A. Not relevant for local but for national advertising. If we are sourcing ads from digital budgets, often they do not have audio creative and we have to help create this for them – our production department will actually write, produce, and edit audio ads for our clients (free of charge).
Q. What are the predominant consumer behaviours relevant to your business — from a +ve perspective that you leverage and from a -ve perspective that you need to counter?
A. Turkish consumers have been some of the fastest adopters of new technologies over the years – mobile phones and social media are two great examples. Turkey is the fourth-largest population represented on Facebook; has a very fast adoption rate for smartphones; and has the highest percentage of Internet users that are active on Twitter in the world. These are great trends that have boosted the adoption and propagation of an online radio service like Karnaval. We focus very much on being integrated into social networks and building compelling mobile offerings for our consumers. From a negative perspective, as with any ad-supported media, consumers in Turkey are very picky and sensitive to ad loads – they want the service to be free and have no/minimal ads — two economically unfeasible alternatives. The challenge is to build an ad-supported service that does not detract from the native content benefits of the service.
Q. How do you cater for different segments? Do you have examples of niche audiences?

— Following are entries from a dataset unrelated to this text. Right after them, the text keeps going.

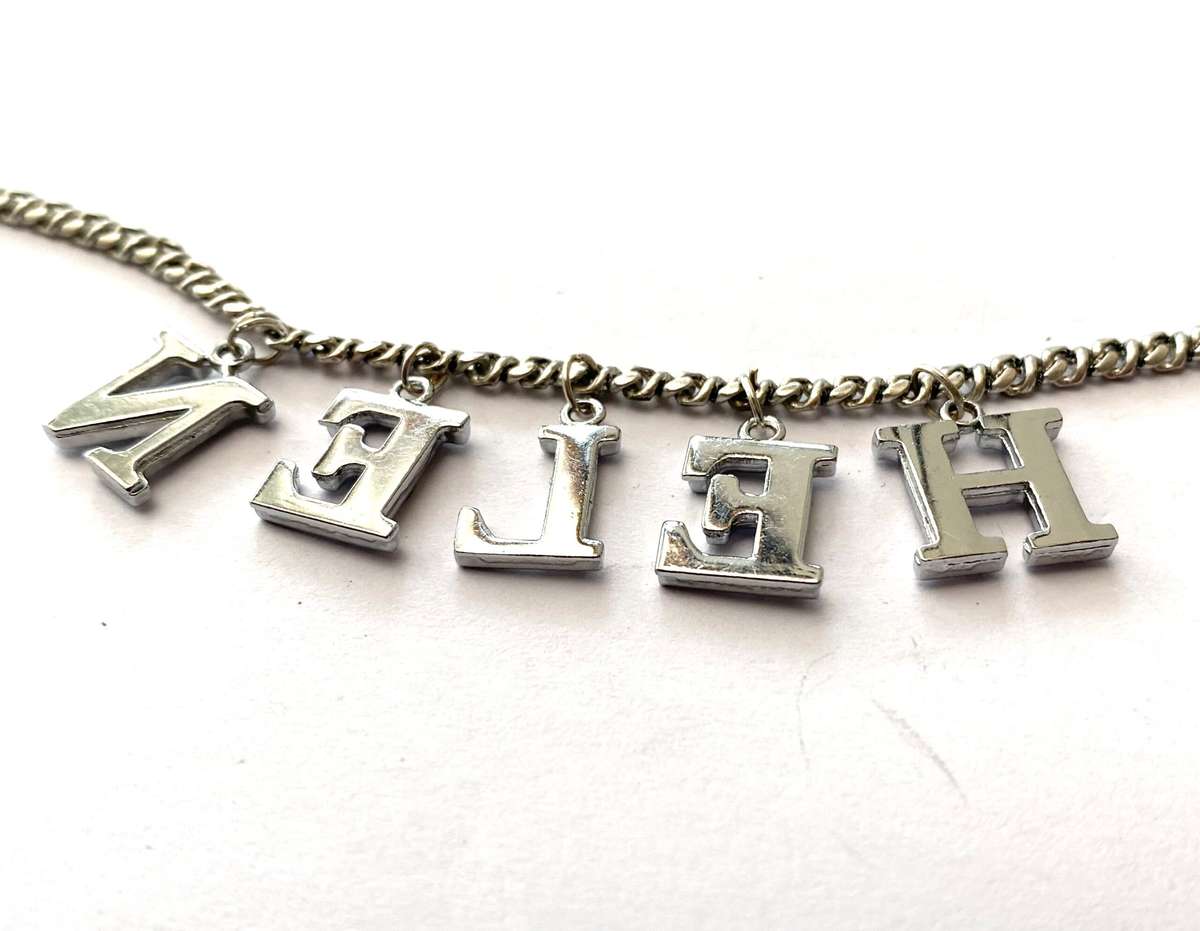 Bracelet - Chain With Name 'Helen'. Small Diamante Stones. Silver Colour #ML1640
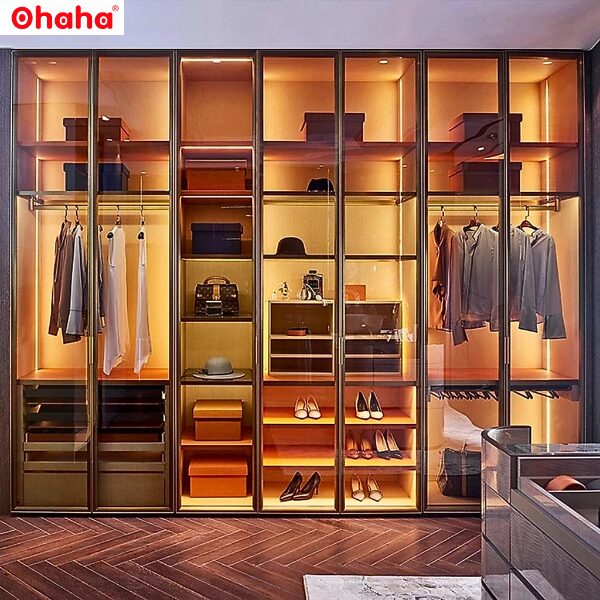Tủ Trưng Bày Quần Áo 1 Tủ áo cảnh kính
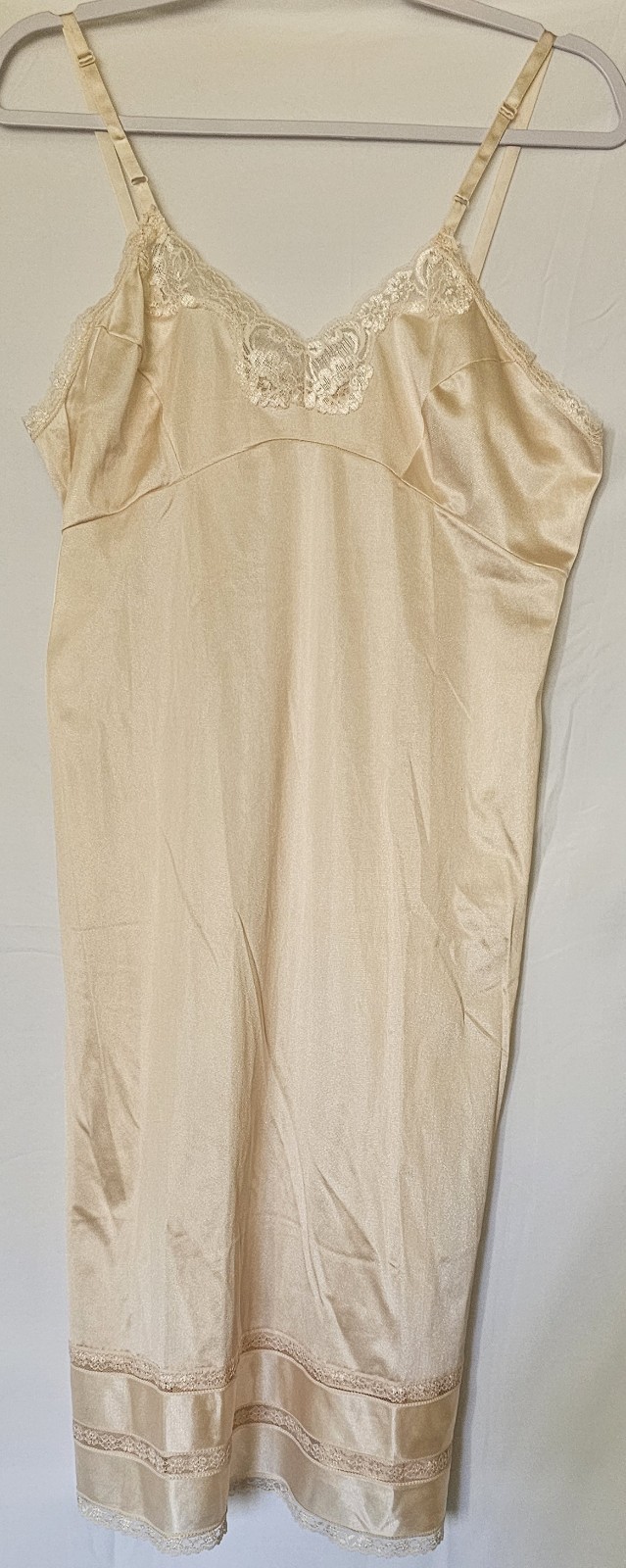 Vintage Adonna Peach Color Baby Doll Feminine Dress Slip/Sleep Wear Size 38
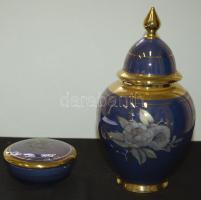 Kézzel festett porcelán edényke fedővel, lia arany díszítéssel Szeged Gabonakutató 1998 felirattal + porcelán edényke + 2db dekoratív porcelán üvegcse 10cm magas + 2db kis méretű faragott fa szobor, az egyik jelzett
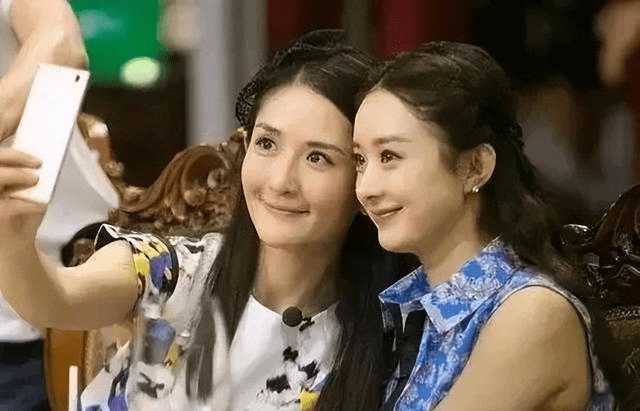 但节目结束后,两人的撞衫也没有停,机场拍照时,被人发现赵丽颖和谢娜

A. We have 17 stations across a number of different formats – from traditional Turkish to teens and classic. One niche audience we cater to is video gamers, where we saw the trend for serving this segment coming from Asia. We worked Joygame, a massively multiplayer service, and began to curate a channel based on what gamers were listening to. We included tips and tricks for games, gaming news, and exclusive information on new games coming out. Hardcore gamers quite literally live in a different world, and we see 12- to 18-year-old males using the station around 4:00 p.m. and peaking at 8:00 to 10:00 p.m. – this is an inverse curve to most of the normal listening, which is during work hours. These non-peak listening patterns benefit us, as we can leverage our bandwidth more effectively. Partnerships for niche audiences are critical, and with Joygame, we are able to build the service with micro and mobile payments, providing additional powers in games and discounted offers for points using SMS and other communication methods. This allows for exciting real-time experiences.
Q. What proportion of your users are: 1) subscribers vs. non-subscribers; 2)mobile vs. desktop vs. tablet OR a mix; and 3) clicking on content and engaging vs. just listening?
A. Our service is entirely free right now – so we don’t have a subscription service. We have “registered” users versus non-registered users. We are not forcing registration because consumers (we believe) want radio to be a free/always-on/always-available utility. Thus, forced-membership has not been very successful for us. However, we are working on new ways to help incentivize users to actively log in and listen rather than listen anonymously. Right now, about 35% of our listening is mobile and tablet vs. 65% desktop – but the trend is very rapidly moving to mobile/tablet. I imagine we will be 50/50 by year-end, and the balance will shift to mostly mobile/tablet by mid-2014. We have just launched a very content-rich new website (www.karnaval.com) including articles, photo galleries, and original short-form video content (including many videos that have A-list celebrities performing in them). The goal is to increase user engagement and build an ecosystem of content: content that is talked about on the radio station by the DJs, that forms part of our newscasts on the radio as well as being used by our social media teams and propagated on the Web. We are actively investing to increase the engagement time on the site beyond just passive listening.
Q. What is the future of in-stream audio advertising and radio?
A. I think radio needs to differentiate itself from music-locker services like Spotify/Pandora. Radio is a combination of music and non-music content (talk, news, sports, etc.). Increasingly, engagement on pure FM is reducing, and we need to be in the digital-enabled space.